Así, al llegar al mango, fruta que tanto nos preocupa desde que estuvimos en Soria, mezcla el autor citas mangosas de José Jacinto Milanés, Nicolás Guillén, Alejo Carpentier, Abilio Estévez y Abelardo Estorino. Este último, en su obra de teatro Los mangos de Caín (buen título para desviar la mirada divina de la quijada de Platero a otras partes no menos contusivas), muestra al primer fratricida de la humanidad enamorado locamente de Eva, madre suya y madre nuestra, quien le habla, en plena y sosegada viudez, de cómo era la vida en el Paraíso antes de la caída: cuando andaba desnuda la inocente pareja, el viento removía el flequillo de Adán, las noches eran claras y dormían los dos a pierna suelta sobre los prados apacibles. Nostálgica y maliciosa, recuerda Eva: "¡Qué frutas! Los mangos eran tan dulces que debían haberlos llamado ambrosía. Pero por entonces no teníamos un buen diccionario". Orlando González Esteva, con datos al apoyo y sonrisueño, da por sentado que fue en Cuba donde estuvo al principio el Paraíso y que la fruta tentadora tuvo que ser, por fuerza, tropical.

De ahí, tal vez, lo que pronto apunta con precisiones lezamescas: "Esta manía de algunos cubanos de llevárselo todo a la boca, como si no hubieran superado la fase oral, esa edad en la que el niño experimenta el mundo a través de ella, puede dar origen a una poética: la poética del poema que sabe bien, y no digo que suena bien, sino que sabe bien, que da gusto rumiar, paladear, como si al recitarlo, en vez de llenársenos de palabras la boca, se nos llenara de pulpa". Y además: "No cabe duda de que todos los sentidos del cubano coinciden en el paladar. Vemos, oímos, palpamos con el paladar". Un paladar que toma por vulva la papaya (en brasileño, mão-mão), el plátano por complemento directo del refrigerio anterior, el mamoncillo por pezón y ombligo, el aguacate por testículo, el mamey por tetica, el marañón (cuyo jugo astringente recompone las virginidades perdidas) por oreja y riñón o el caimito por labios verticales de mujer.

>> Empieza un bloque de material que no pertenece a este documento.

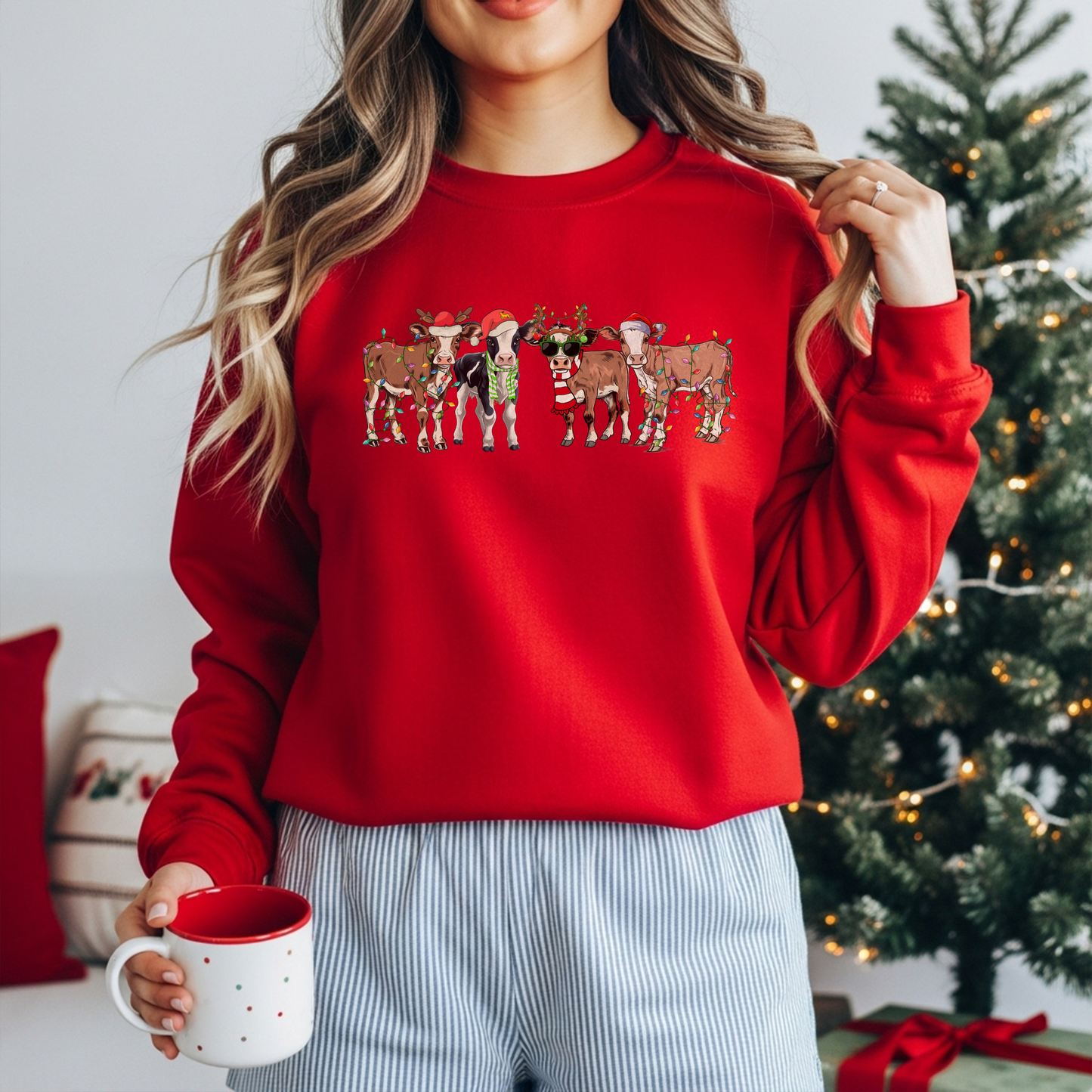 Merry Moo Crewneck – Festive Christmas Sweatshirt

Paladeo lascivo, pues, entre tanto corrimiento semántico. Y, para volver al mango (que debe ser, como el mantón, de Manila), nada mejor se me ocurre que dedicarle a Orlando González Esteva, en agradecimiento por su bandeja, tres piezas del cancionero cubano que en su libro no figuran: el pregón Se va el manguero, de Adolfo Rodríguez, interpretado por Miguelito Valdés; el pregón de Gilberto Valdés, Mango, manguito, mangüé, que interpreta otra Valdés, a la de tres Merceditas; y, sobre todo, la didáctica guaracha de los años cuarenta, En tiempo de mangos, de Julio Cuevas, pulpa lasciva en boca del cantante Orlando Guerra, más conocido por el sobrenombre de Cascarita. Es éste quien nos advierte que hay mangos duros y blandos, que su cáscara es resbalosa y que, al ser la semilla tan sabrosa, hay quien se duerme chupando. "¡Peligro!", gritaba el otro Orlando, pues "aunque el mango sea sabroso,/ es un poco peligroso/ tragarse la semillita". ¡Choteo del diminutivo, salido lubricado de la sin hueso!

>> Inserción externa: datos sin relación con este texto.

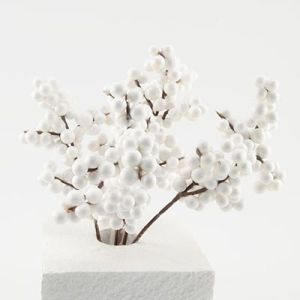 Декоративная веточка с шариками 5мм С30344, 20 см, 50 шт. белая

Eso. Y, de paso, que de lo óseo también chorrea un nuevo verbo, edénico, al lado de rumiar, paladear, saborear y atragantarse: chupar. Lo aconseja otra guaracha: "Si tú quieres reír,/ si tú quieres bailar,/ chupa, chupa, chupa,/ chupa, chupa más./ Si tú quieres gozar,/ ay, aprende a chupar". Eso sí, sin la pequeña errata selectiva que, a bocajarro y en crudo, confesó el Nono Morales: "¡Qué problema!/ Yo quise comerme un coco,/ me comí una berenjena".